» **TASK PROMPT**:
Write out again the lines from the line with "Hadiri Peringatan Hari" up to and including the line with "백김치 안매운김치 국산 2kg 3kg 4kg 맛있는 맛집 주문 - 메인 이미지", exactly as they stand below, and skip any picture.
:: RECORDS FOR THIS TASK
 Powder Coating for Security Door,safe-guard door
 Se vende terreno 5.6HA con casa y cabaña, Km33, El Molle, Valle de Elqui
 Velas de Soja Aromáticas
::::
:: RECORDS FOR THIS TASK
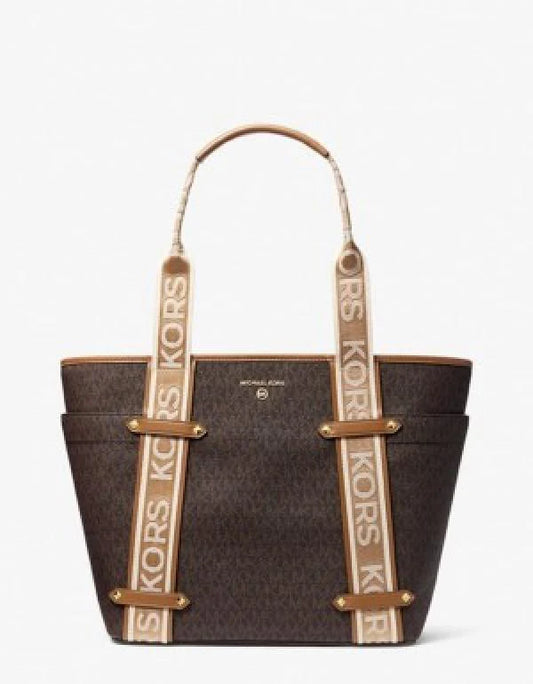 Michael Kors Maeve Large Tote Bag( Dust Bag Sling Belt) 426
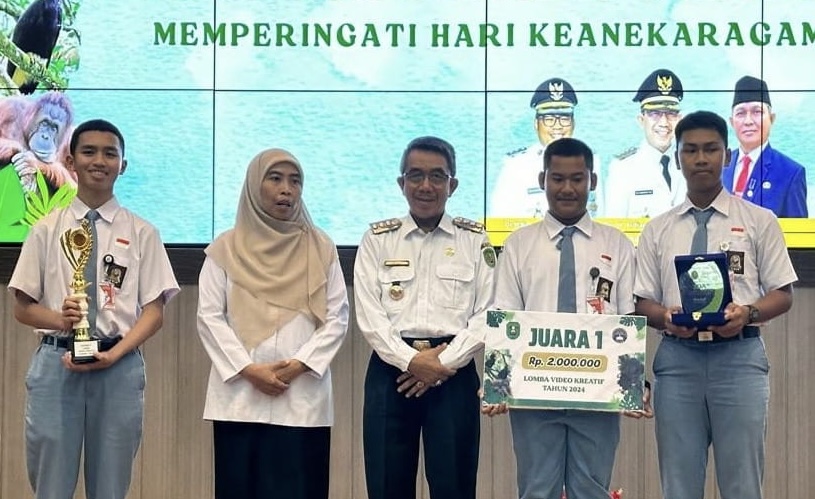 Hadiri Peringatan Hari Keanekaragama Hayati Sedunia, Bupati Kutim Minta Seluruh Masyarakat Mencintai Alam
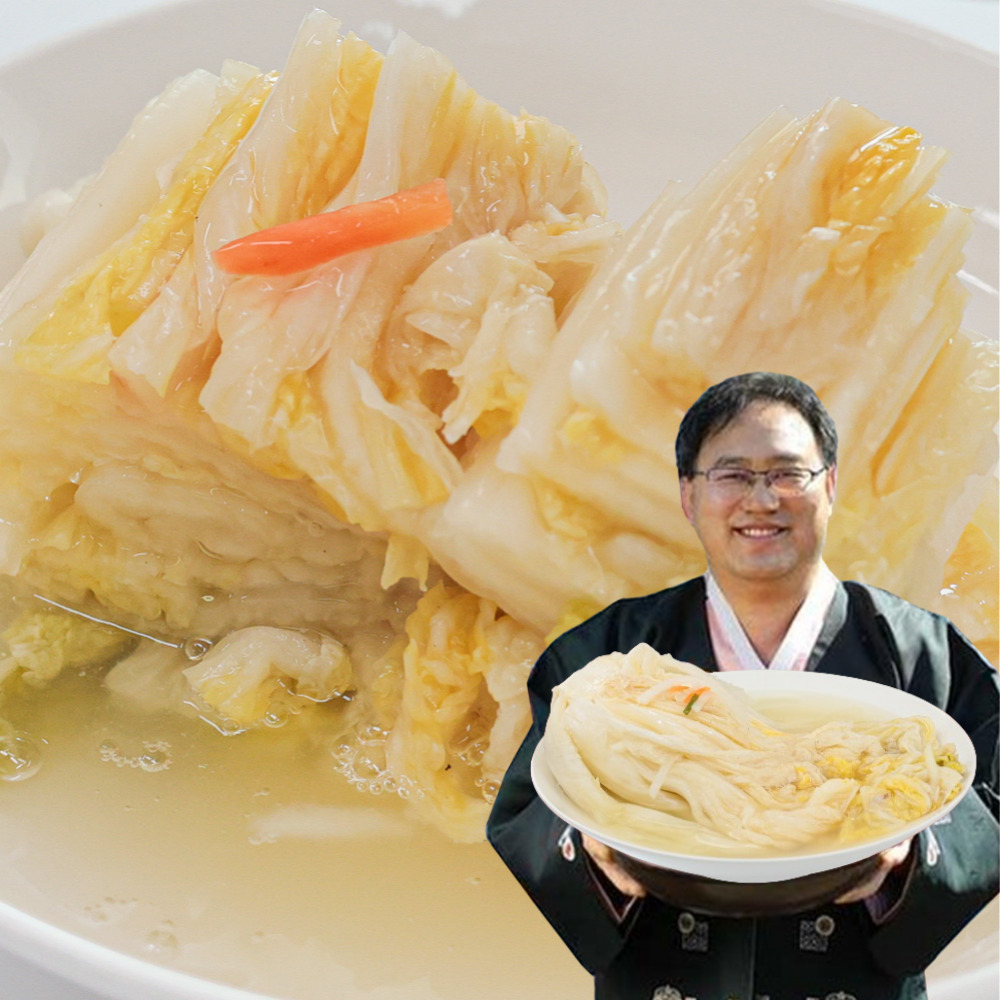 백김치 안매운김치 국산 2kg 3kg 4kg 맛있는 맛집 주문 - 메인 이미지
::::
» **SOLUTION**:
 Hadiri Peringatan Hari Keanekaragama Hayati Sedunia, Bupati Kutim Minta Seluruh Masyarakat Mencintai Alam
 백김치 안매운김치 국산 2kg 3kg 4kg 맛있는 맛집 주문 - 메인 이미지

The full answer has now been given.